Victories in Court Didn’t Mean We Won

When I started this internship in May, I wanted to explore public defense and everything it had to offer. The people that made my internship much more than just a summer gig were a team of incredibly passionate lawyers, social workers, intake specialists, and investigators. They came in every morning ready to tackle the storm ahead, a storm that was always there. I got front row seats to murder trials and then backstage passes to lawyers decompressing in the break room. While I enjoyed learning about all the incredible work the Rhode Island Public Defender’s Office does, it did help me realize I was not interested in this field.

The majority of our clients live below the poverty line, suffer from mental illnesses, and are repeat offenders. Solving their current legal issue is a band-aid to a much larger wound that is not only affecting the city of Providence but cities everywhere. For this reason, my career goals are still centered around the legal field but at a much “higher level”. While that “higher level” remains undefined, I want to attend law school after graduating from Boston College. All I know at the moment is that I want to be able to address this issues that our clients struggle with. Helping them win a court case never meant the bigger issue was solved,  and that bothered me all summer.

Even though my goals and interests shifted in the middle of my internship, I still gained an invaluable amount of knowledge while working. During my third or fourth week there, I started to realize a lot of our clients listed schizophrenia as a disability. I was perplexed because I was previously led to believe that schizophrenia was a very noticeable and hindering mental disorder. I engaged in a discussion with one of our social workers about it that resulted in an office-wide lecture about the different levels of schizophrenia, the history of diagnosing it, and how/why some clients might be wrongly diagnosed yet given treatment for it. Learning about this disorder did not necessarily change how we treated our clients but helped us understand cases better.

Although I am no longer interested in public defense, this summer was incredible, and I have the Boston College Career Center to thank for it. Without the support of the Career Center, I would not have been able to accept this internship which taught me an incredible amount about the justice system in Rhode Island and my desire for my future.

Written by Raf Torres, BC Class of 2018


Before a Trial: Intake Unit


Every morning at the Rhode Island Public Defender’s Office, a group of interns sit around and discuss “the list”. The list is a collection of names, dates, and charges compiled by every police department in Rhode Island earlier that morning.

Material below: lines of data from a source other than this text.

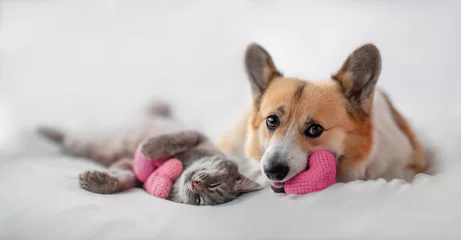  holiday valentine with cute couple of furry friends corgi dog and cat lying on white bed background with pink hearts symbols © nataba
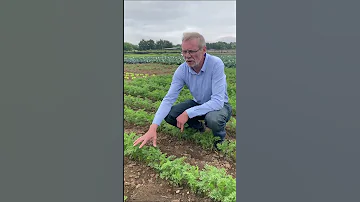 Лучший способ избавиться от морковной и луковой мухи. Что делать, если закудрявилась морковь.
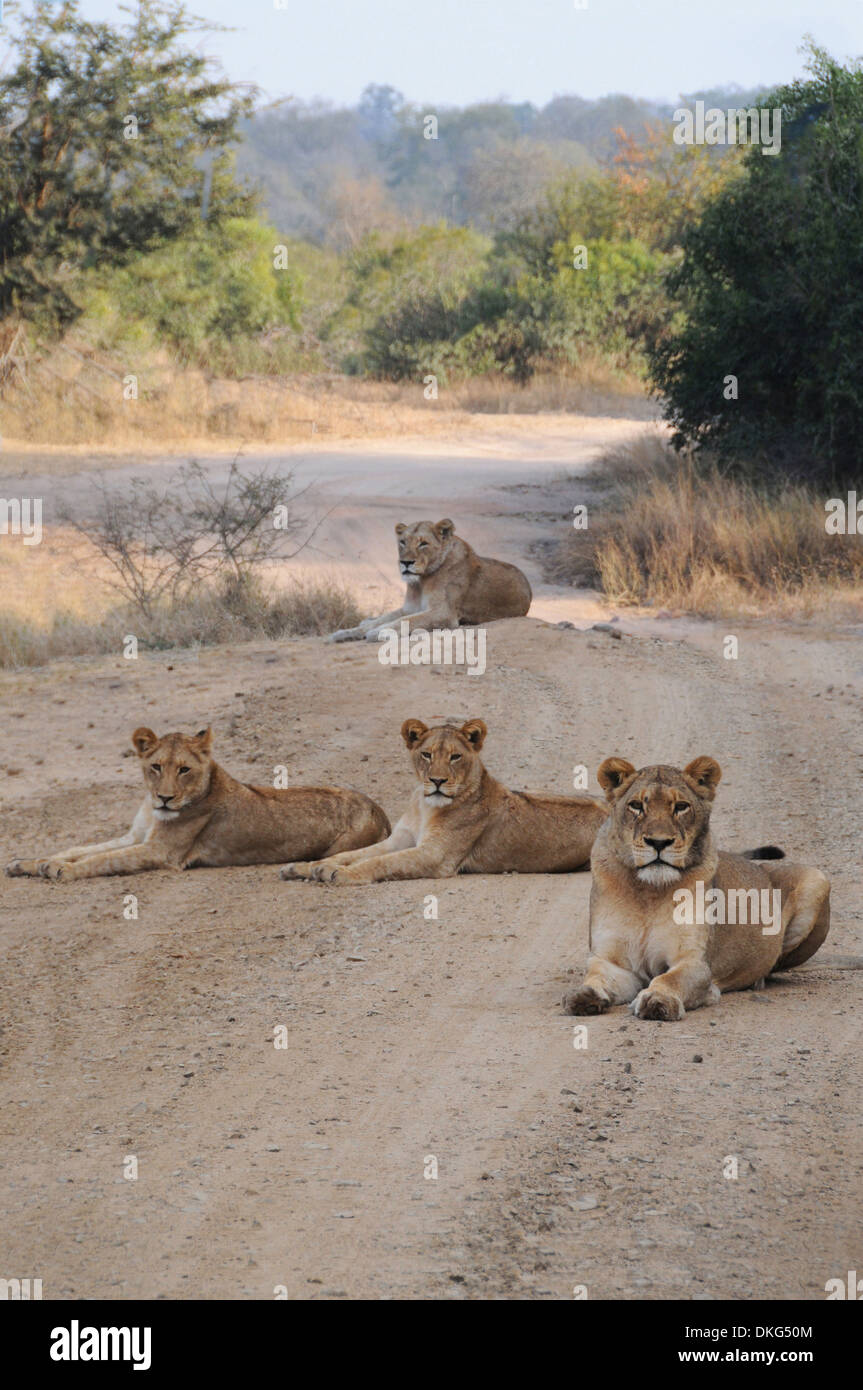 Troupe de lions (Panthera leo) Sabi Sand Game Reserve, Afrique du Sud Banque D'Images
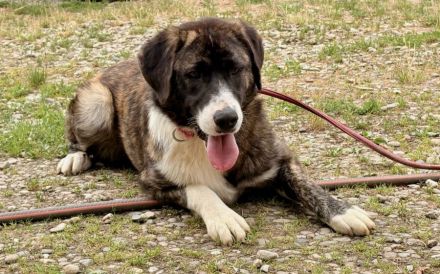 Hallo, ich bin Pretty Woman und suche ein Zuhause.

Our job is to interview these men and women to figure out if their current financial situation qualifies them for our legal support.

Part of our unofficial job description requires the interns to understand the community we are serving. My Boston College education has played a tremendous role in enabling me to do so this summer. Professor Seraphim, through “Asia in the World II”, taught me that history is often written by the victor thus erasing entire timelines and groups of people. To truly understand a time period or a situation, we must examine all sides and remove any bias we might have. The bias that may exist when we talk to potential clients or examine certain cases has been institutionalized through racism and classism. Professor Concepcion’s “Race, Law, and Resistance” taught me how these components have become systemic throughout American society thus hindering the mobility of groups of people while simultaneously  endangering communities with identifiers such as low-income or Black/Latino. My Boston College education has provided me with the unique skill of being able to assess our clients’ situations from a holistic viewpoint, truly understanding everything that could potentially affect a client.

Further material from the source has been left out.